Livieris Ioannis E, Pintelas Emmanuel, Kiriakidou Niki, Pintelas Panagiotis
Department of Statistics & Insurance, University of Piraeus, GR 185-34 Piraeus, Greece.
Department of Mathematics, University of Patras, GR 265-00 Patras, Greece.
J Imaging. 2023 Oct 14;9(10):224. doi: 10.3390/jimaging9100224.

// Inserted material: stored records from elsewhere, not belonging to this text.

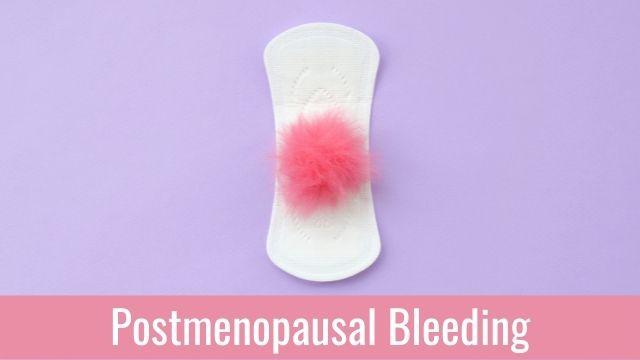 Ananthapuri Hospitals & Research Institute - 1. WHAT IS POSTMENOPAUSAL  BLEEDING (PMB)? Menopause is the time in the life of a woman when she stops  having periods at least for one year.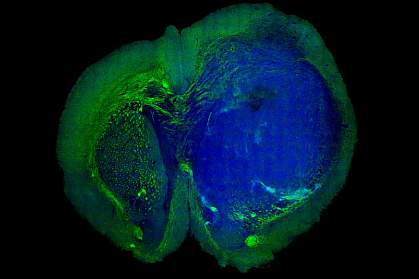 Tumor in a mouse brain.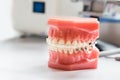 Orthodontics dental braces on teeth model to align teeth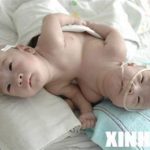 Trung Quốc: Mổ tách rời cặp song sinh dính liền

With the proliferation of image-based applications in various domains, the need for accurate and interpretable image similarity measures has become increasingly critical. Existing image similarity models often lack transparency, making it challenging to understand the reasons why two images are considered similar. In this paper, we propose the concept of explainable image similarity, where the goal is the development of an approach, which is capable of providing similarity scores along with visual factual and counterfactual explanations. Along this line, we present a new framework, which integrates Siamese Networks and Grad-CAM for providing explainable image similarity and discuss the potential benefits and challenges of adopting this approach. In addition, we provide a comprehensive discussion about factual and counterfactual explanations provided by the proposed framework for assisting decision making. The proposed approach has the potential to enhance the interpretability, trustworthiness and user acceptance of image-based systems in real-world image similarity applications.

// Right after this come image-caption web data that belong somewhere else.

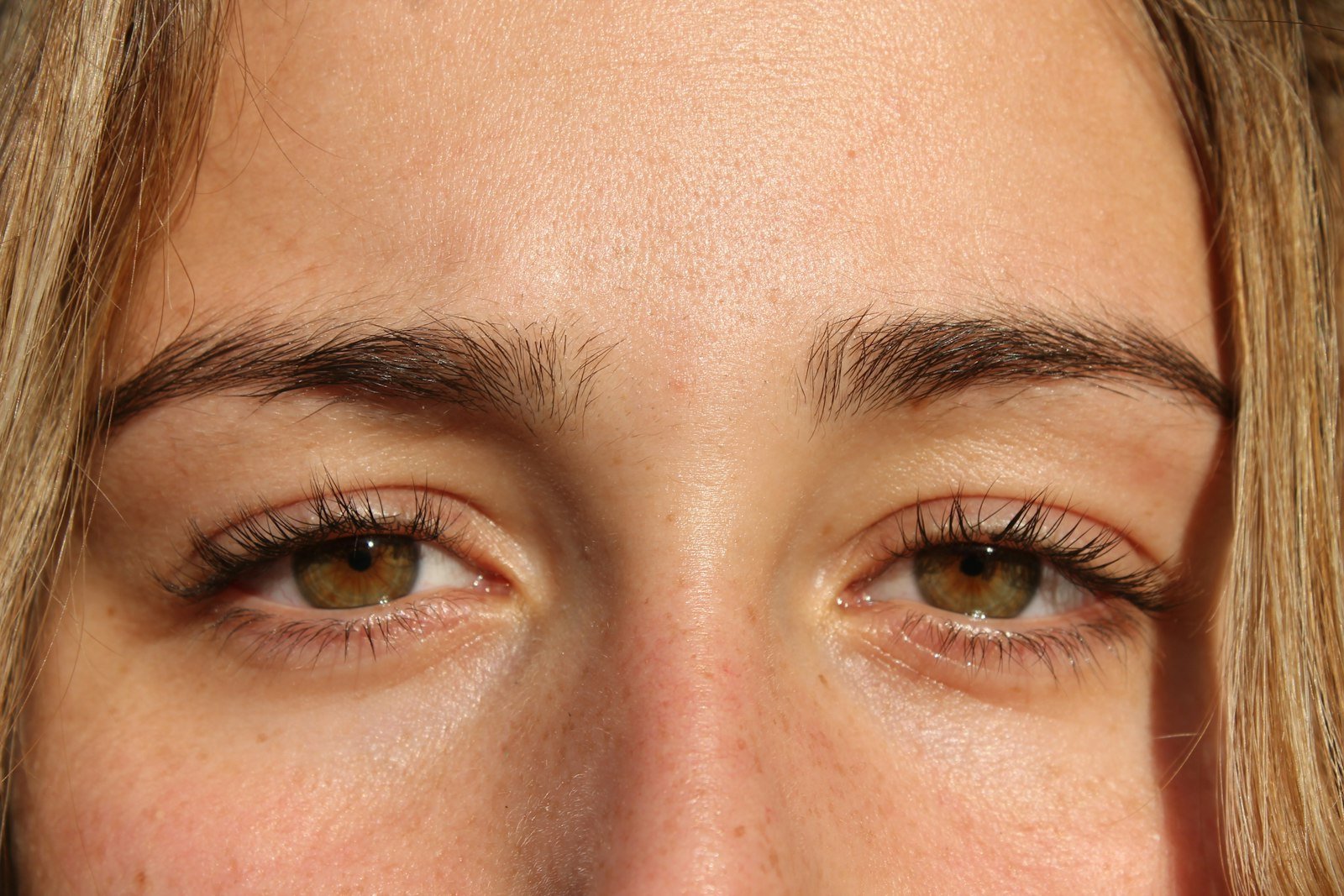 Why Choose Eyebrow Transplant in Turkey?
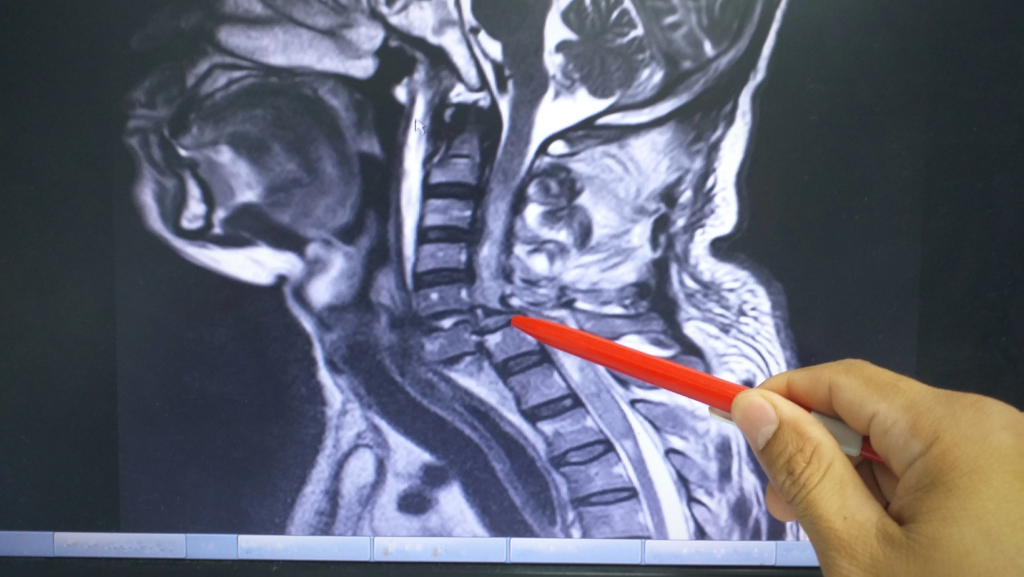 How MRIs Help a Personal Injury Case: Proven Benefits for Your Claim How MRIs help a personal injury case with spinal scan highlighting disc injury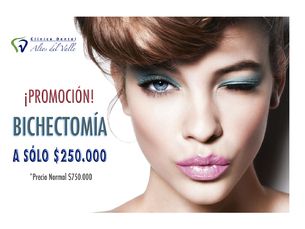 Bichectomía $250.000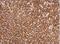 Transketolase antibody, NBP2-20699, Novus Biologicals, Immunohistochemistry paraffin image 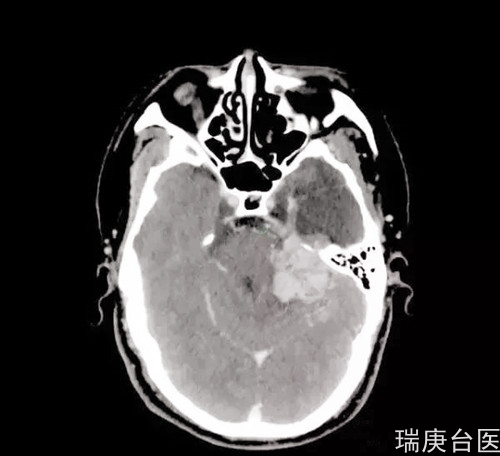 案例分享 | 血管周细胞瘤复发，质子治疗肿瘤较治疗前明显缩小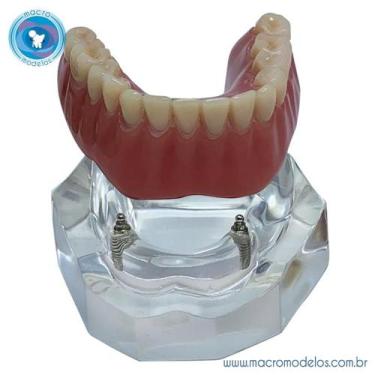 Imagem de Macro Modelo Mandíbula Overdenture Acrílica com 2 ORings e Prótese Inf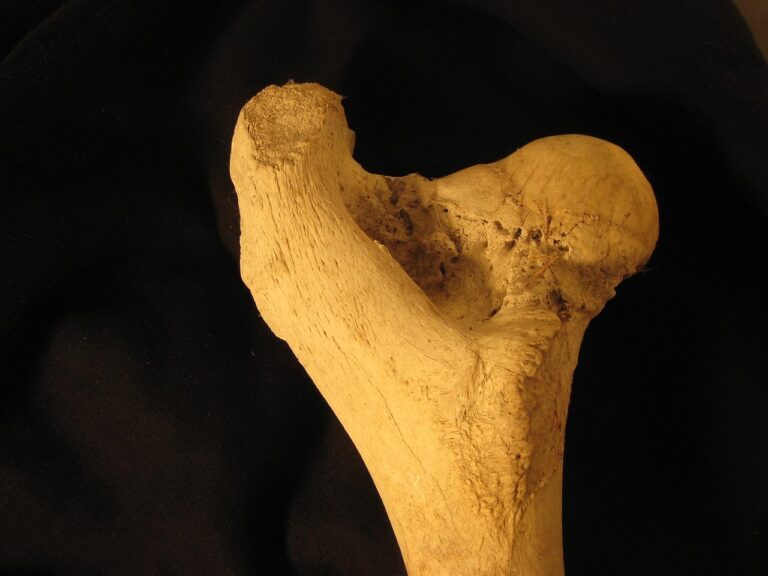 Le Petit Trochanter : Anatomie, Fonctions et Pathologies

随着基于图像的应用在各个领域的不断涌现,对准确且可解释的图像相似性度量的需求变得越来越关键。现有的图像相似性模型往往缺乏透明度,这使得理解为何两张图像被认为相似变得具有挑战性。在本文中,我们提出了可解释图像相似性的概念,其目标是开发一种方法,该方法能够在提供相似性分数的同时,给出视觉上的事实性和反事实性解释。沿着这一思路,我们提出了一个新框架,该框架整合了孪生网络和Grad-CAM以提供可解释的图像相似性,并讨论了采用这种方法的潜在益处和挑战。此外,我们还对所提出的框架为辅助决策提供的事实性和反事实性解释进行了全面讨论。所提出的方法有潜力在实际的图像相似性应用中提高基于图像的系统的可解释性、可信度和用户接受度。